My own copy of Pound's 'Confucius' was purchased many years ago. It's very well-thumbed and heavily annotated, and I often return to it. I've also studied Arthur Waley's more exact translation carefully, and a few others. But the Confucian lines that stick in my mind always seem to be those of Pound, lines such as: "If the root be in confusion, nothing will be well governed" (page 33).

The "root" today is certainly "in confusion." And those who dismiss Pound on the basis of a few howlers are simply adding to the confusion. To let you in on a secret, there are many howlers - up to and including the omission of whole lines - in the translations of even reputable and well-known scholars of Chinese (though I've never found any in Burton Watson).

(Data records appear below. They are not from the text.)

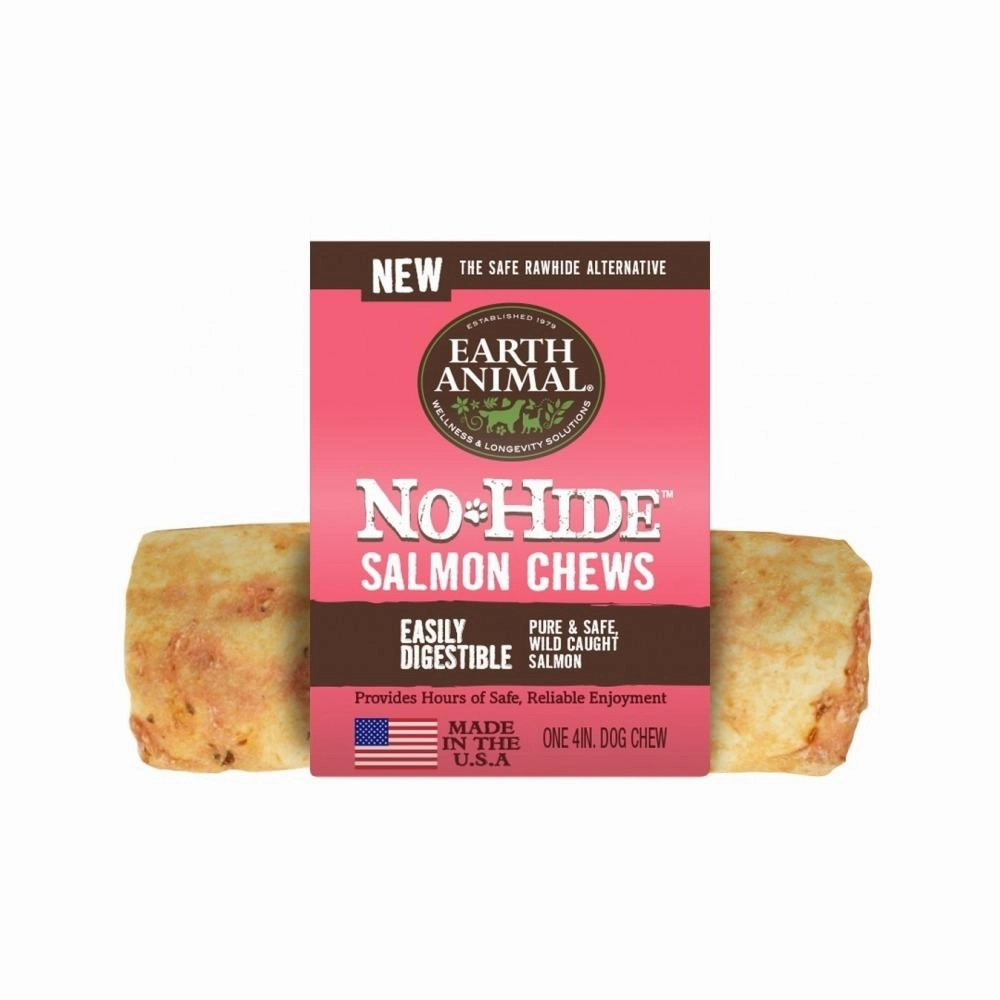No Hide Salmon Dog Chews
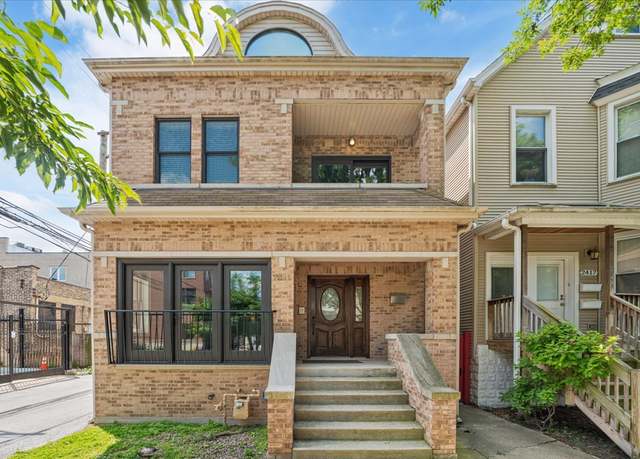 Property at 2415 W Belle Plaine Ave, Chicago, IL 60618, 5 beds, 4.5 baths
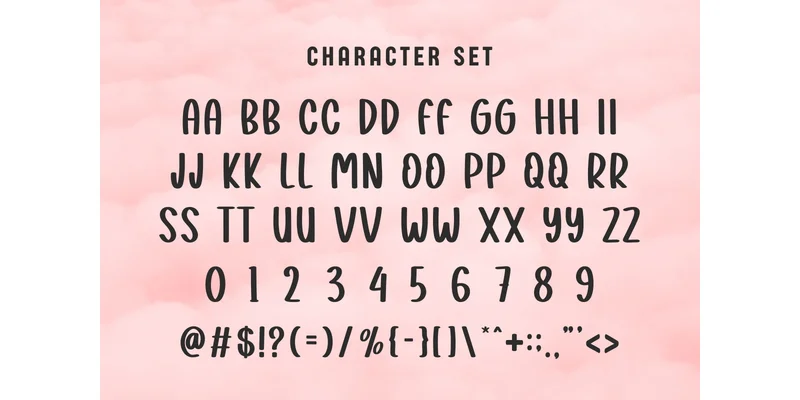 Pinky Season Font by Minimalist Eyes — Display Font — thumbnail 6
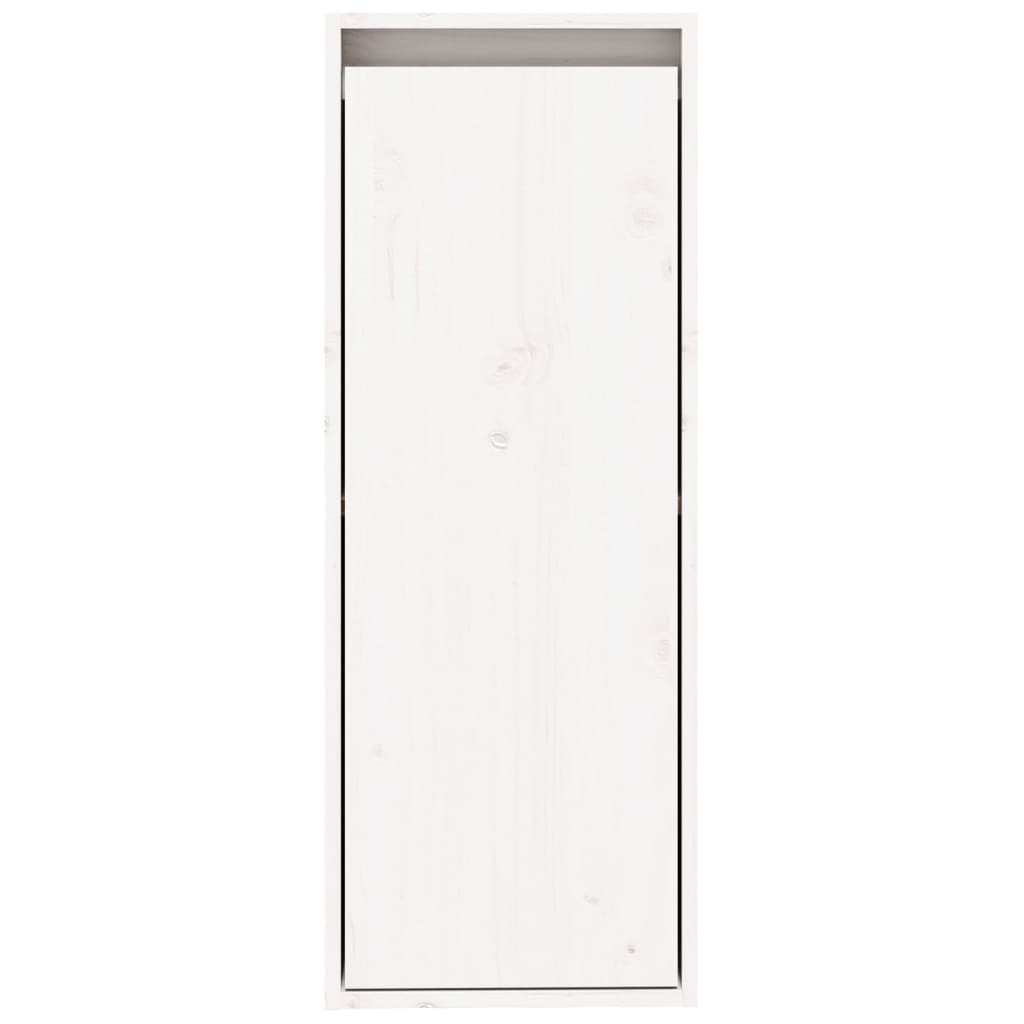 Wandschrank 30x30x80 cm Massivholz Kiefer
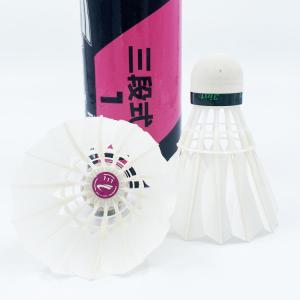 Anyball 3in1 Badminton Shuttlecock Goose Flex Feather Badminton High Grade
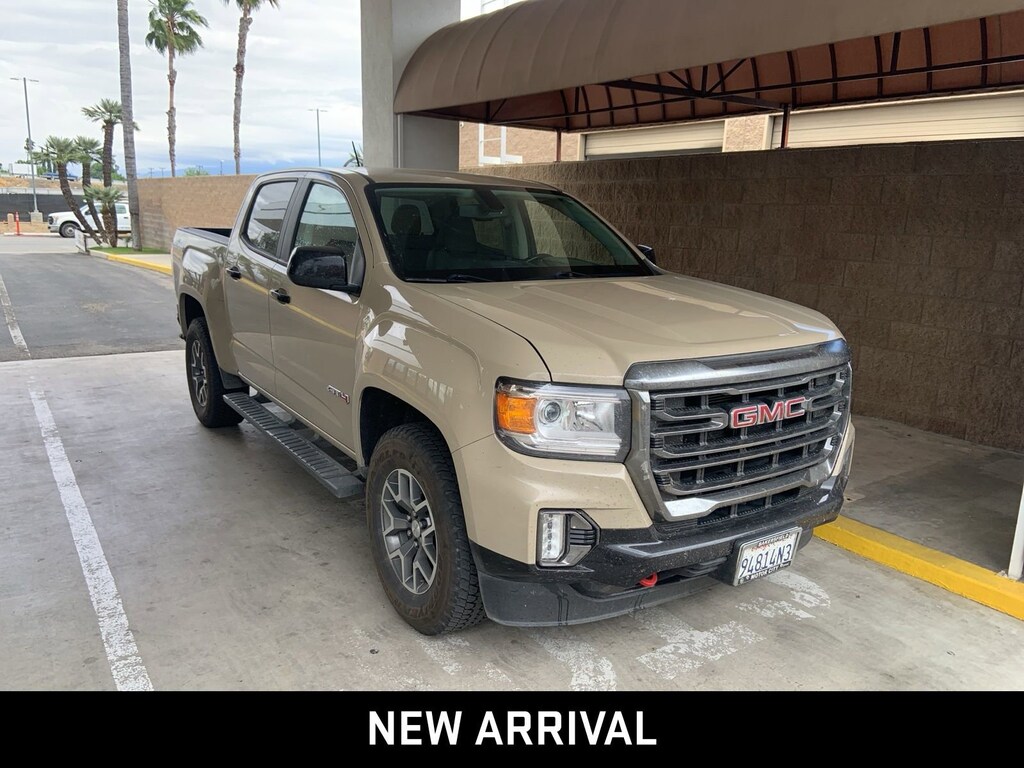 Used 2022 GMC Canyon AT4 - Leather Truck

My advice would be to ignore the gripers, most of whom don't have direct access to the Chinese text anyway, and to read Pound's version of Confucius. He was a literary genius and got it right most of the time, and you'd learn a great deal from it.

Pound's 'Confucius' has always found and will continue to find readers. I think it's because, as Confucius says: "Those who know aren't up to those who love..." (page 216).